## Description of the task:
Start at the line in the entries below that contains "#ad 50 x Xhorse", stop at the line that contains "Radiator with Transmission", and output exactly the lines in that span, both ends included.

## Data listing:
═══
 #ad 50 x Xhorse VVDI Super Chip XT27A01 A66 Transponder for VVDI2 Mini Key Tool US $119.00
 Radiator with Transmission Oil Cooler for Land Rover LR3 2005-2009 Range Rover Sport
═══
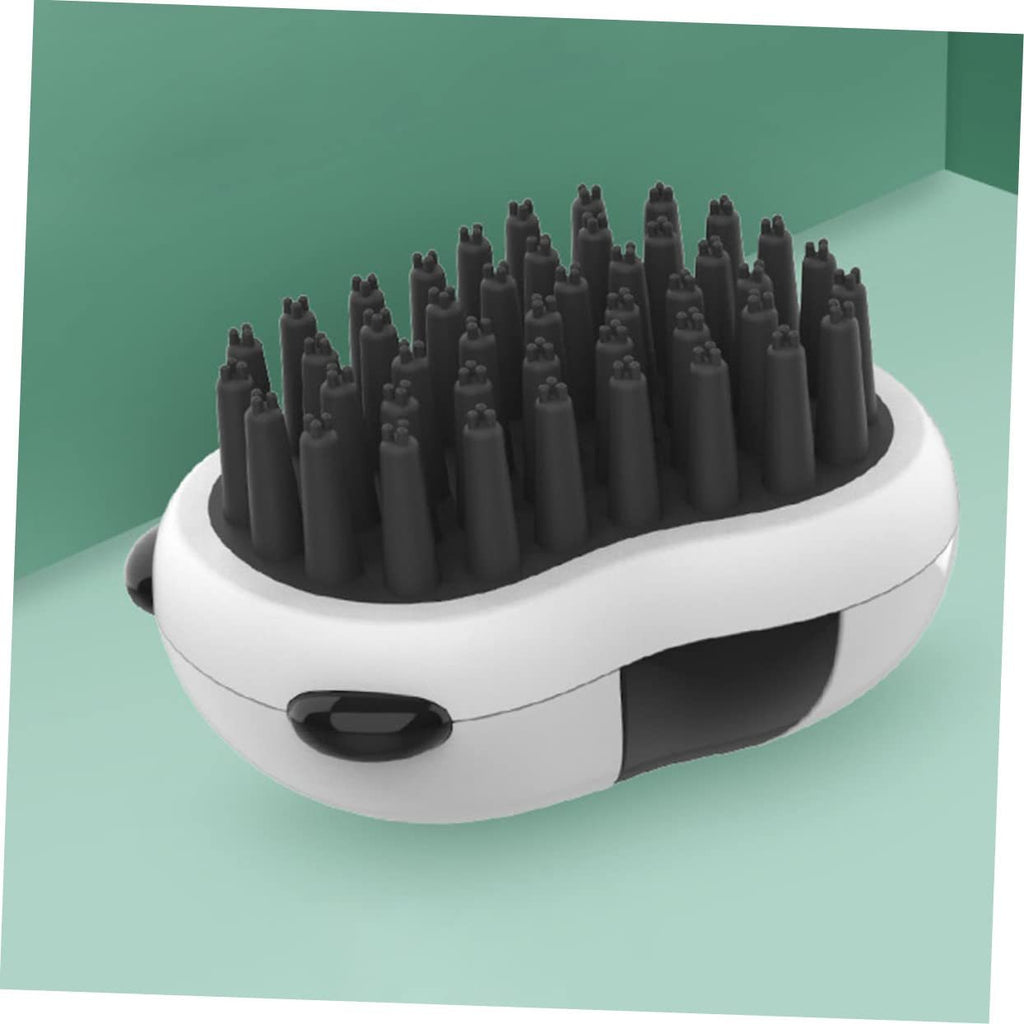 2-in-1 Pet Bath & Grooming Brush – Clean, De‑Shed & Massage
═══
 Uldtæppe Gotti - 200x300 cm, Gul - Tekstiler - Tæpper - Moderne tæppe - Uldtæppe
═══
## Answer section:
 #ad 50 x Xhorse VVDI Super Chip XT27A01 A66 Transponder for VVDI2 Mini Key Tool US $119.00
 Radiator with Transmission Oil Cooler for Land Rover LR3 2005-2009 Range Rover Sport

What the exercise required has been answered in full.